Just a few years ago the term “fintech” was almost unheard of; now it dominates conversations in the financial industry. According to a report by Deloitte, Fintech by the numbers, fintech investment is on the rise. In 2017, over $21 billion was raised by fintechs around the globe and almost $8 billion of that came from the United States alone. Interestingly, despite the rise in fintech investment, the actual number of fintechs is decreasing, according to Deloitte. This is often a sign of market consolidation as the market becomes more competitive. As is often the case in competitive market situations like this, finding points of differentiation will become even more crucial for fintechs to move forward and achieve success.
An important way for fintechs to achieve differentiation is through partnerships with other financial institutions and technology companies. These partnerships offer new ways to reach and interact with intended target audiences. One common form of partnership is integrating with a banking platform via an API. APIs give fintechs a unique way to pull data from a different source into one easy-to-use interface. In a recent article, Sunil Mishra of Infosys Ltd wrote that, “digital businesses, such as Fintech firms and ecommerce companies, are also a good target [for banks to consider partnering with] because they are always looking for APIs on which they can build new, better experiences. Progressive banks are setting up API stores and are exposing their APIs for these clients to use.”
There are a few different examples of this type of partnership already occurring in the marketplace. One is Macquarie, an Australian-based bank that has utilized this concept to open up the opportunity for third party fintechs to add functionality, such as budgeting apps and accounting software, to its platform for the bank’s customers. The third party fintechs will have to meet certain security and quality standards, but will gain key advantages over competitors using this model. Sageworks has a similar open API model in place, but instead of solely seeking fintechs to improve the B2C experience, the technology firm’s focus is on making it easier for banks to connect a variety of data sources and solutions on a single interface through the API so the bank can grow and improve customer experiences more efficiently. Though they are different in targeting, both uses of APIs strive to achieve the same goal, which is to enhance the experience on their respective platforms by attracting the inventive technology companies.
There are several key ways fintechs can leverage platforms like Macquarie and Sageworks via APIs. It looks like partnerships like this will be a key part of the finance and banking industry in the future.
Here are three key ways these platforms can be leveraged:
1) Obtain unique data
A key to the fintech disruption is the ability to drive the “customer first” mindset in the financial space. Retail has been experiencing serious disruption in recent years and finance is primed for this same trend. A major driver of this customer-centric initiative is data. Having access to the right data set provides ways to create unique inferences that wouldn’t normally be possible. Whether the data consists of financial statements, credit scores or industry benchmarks, it can provide the insights needed to provide the “customer first” service that fintechs are looking for to disrupt the financial industry.
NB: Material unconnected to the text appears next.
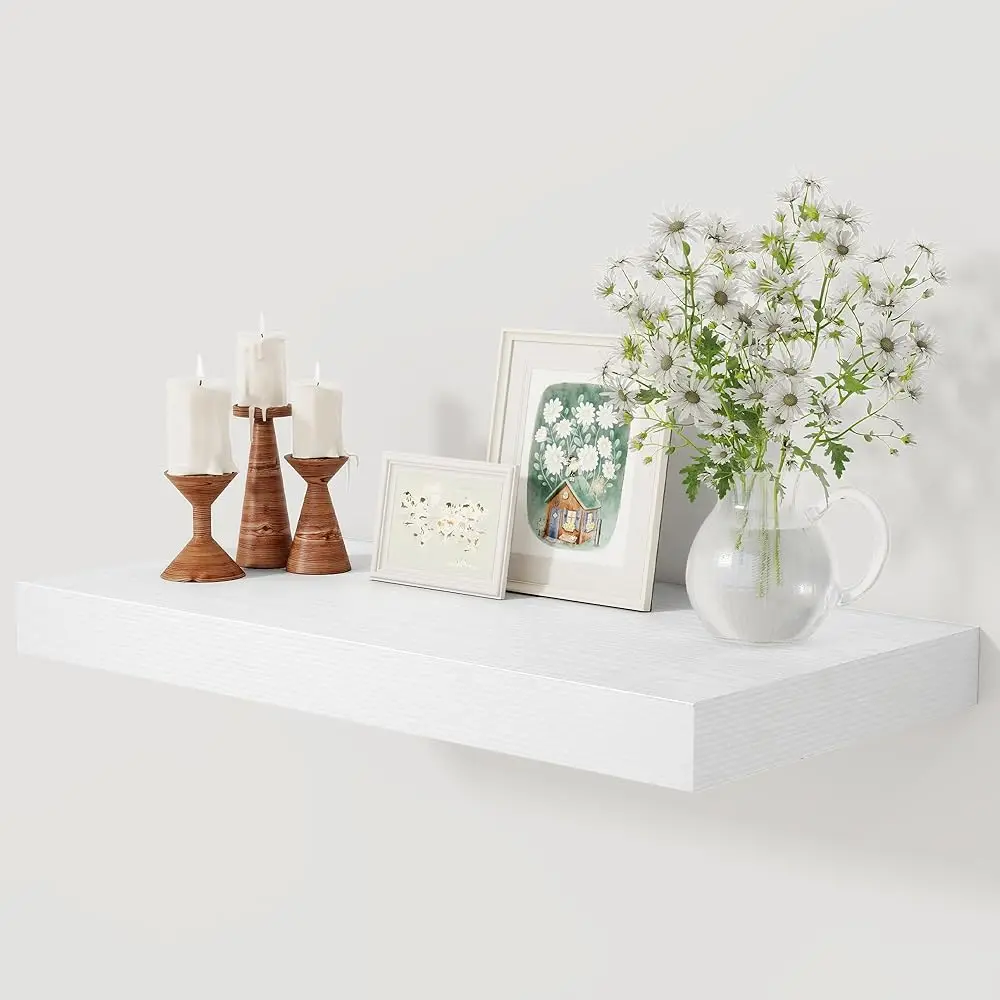 12 H Deep White Floating Shelves, 24 X 12 Floating Shelf For Books, Rustic Wood Deep Wall Shelves For Home Storage & Display,
12 H Deep White Floating Shelves, 24 X 12 Floating Shelf For Books, Rustic Wood Deep Wall Shelves For Home Storage & Display,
2) Gain access to an established customer base
One of the hardest parts of launching a new product or business is proving that it is something the target audience wants or needs. By partnering with banking platforms and providing additional functionality to an existing audience, fintechs can fine tune their offerings more readily. Use cases and proof of concept beyond a small beta test can be of huge value. Another reason fintechs have gained market share is because of the ability to make manual and time-sensitive processes much easier. The integration with a banking platform would assist fintechs’ mission to improve user experience on an even larger scale by adding their unique functionality to the platform.
3) Establish important and trustworthy relationships
Building the right relationships will be a key to this entire model. Once found, that relationship could be a huge part of success for fintechs in the long run. By working with an established partner, fintechs will have access to the platforms’ marketing resources indirectly as well as gain valuable integration experience. From a marketing perspective, if the fintech is successful, then it could turn into a functionality that the platform provider’s sales team begins to pitch as a differentiator to prospects and customers. Through this, the fintech gains brand awareness as well as goodwill with the platform due to the value it is providing. From an integration standpoint, a huge advantage is experience. Being able to see how the product interacts with various core systems will be invaluable information to market as a strength for the fintech. The partnership could also lead to conference invites, speaking engagements, and other valuable activities for the fintech to leverage.
To summarize, fintechs are carving out portions of the value chain, but as the environment continues to become more competitive, every advantage can make a difference. Creating partnerships with platforms is a great way to gain data, reach an established market and solidify valuable industry relationships that could go a long way to helping the fintech succeed in the long term.